Our country - Poland
Poland has a long, interesting and at times very turbulent past.
The arrival of the Slavs in the second half of the 5th century established a permanent settlement in Poland, over the centuries relations with Lithuania cultivated the Polish-Lithuanian Commonwealth in 1569.

The Commonwealth initially continuated the period of prosperity that was present under the previous Jagiellon Dynasty however due to ruinous wars and corrosion of the countries government, Poland entered a time of decline. Reforms were introduced in the 18th century however, before the country could see any benefits, the Russian Empire, Kingdom of Prussia and the Austrian Habsburg Monarchy invaded Poland in 1795, creating partitions that the Commonwealth were powerless to fully resist.

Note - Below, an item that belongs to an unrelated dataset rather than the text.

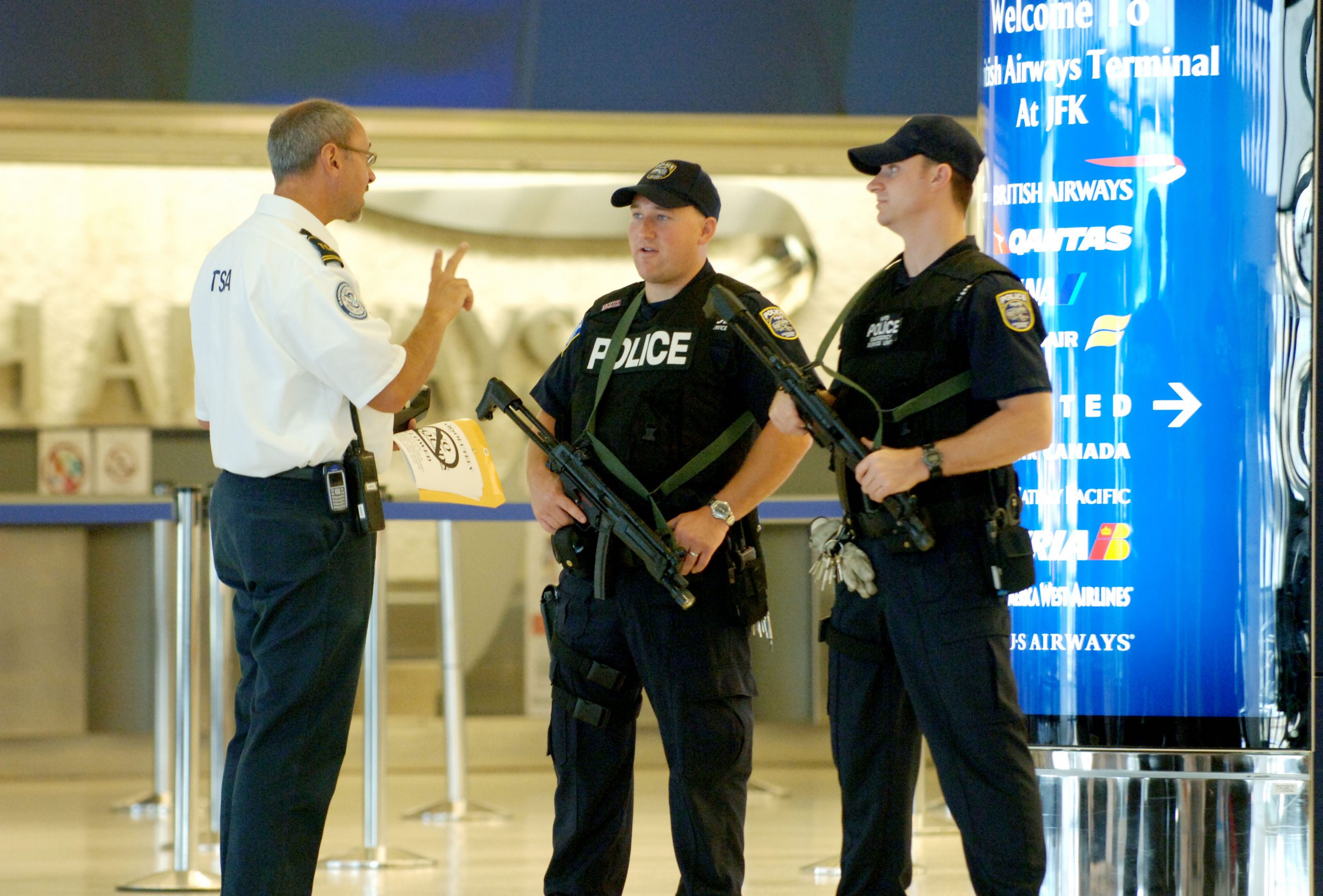 Passengers walk through JFK airport security, metal detectors buzzing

Armed resistance continued on and off but independence was to be out of Poland's reach for another 123 years. It was only after the first world war that the climate war and revolution helped create enabled Poland to defeat the partitioning powers, and establish the 2nd Polish Republic which exisited until the Nazi's invaded in 1939.

The Nazi invasion of Poland was the catalyst for the United Kingdom, France and other countries to formally declare war on Nazi Germany. This lead to the six years of World War Two. The Nazi's kept a punishing regime in Poland and millions of Poles died during the occupation. Interesting the Polish government whilst in exile, kept functioning and through Polish military formations on the West and Eastern fronts Poles contributed to the Allied Victory that came in 1945.

However Poland did not experience the freedom that the end of the war brought to the other countries in Europe, as the Russian Red army advanced and Poland was annexed as a satellite Soviet State - The Peoples Republic of Poland.

In the late 1980s, Solidarity a Polish reform movement was instrumental in the Polish Round Table Talks with the communist government which eventually led to a radical restructuring of government and the demise of communism in Poland, leading to the Modern Polish State of today.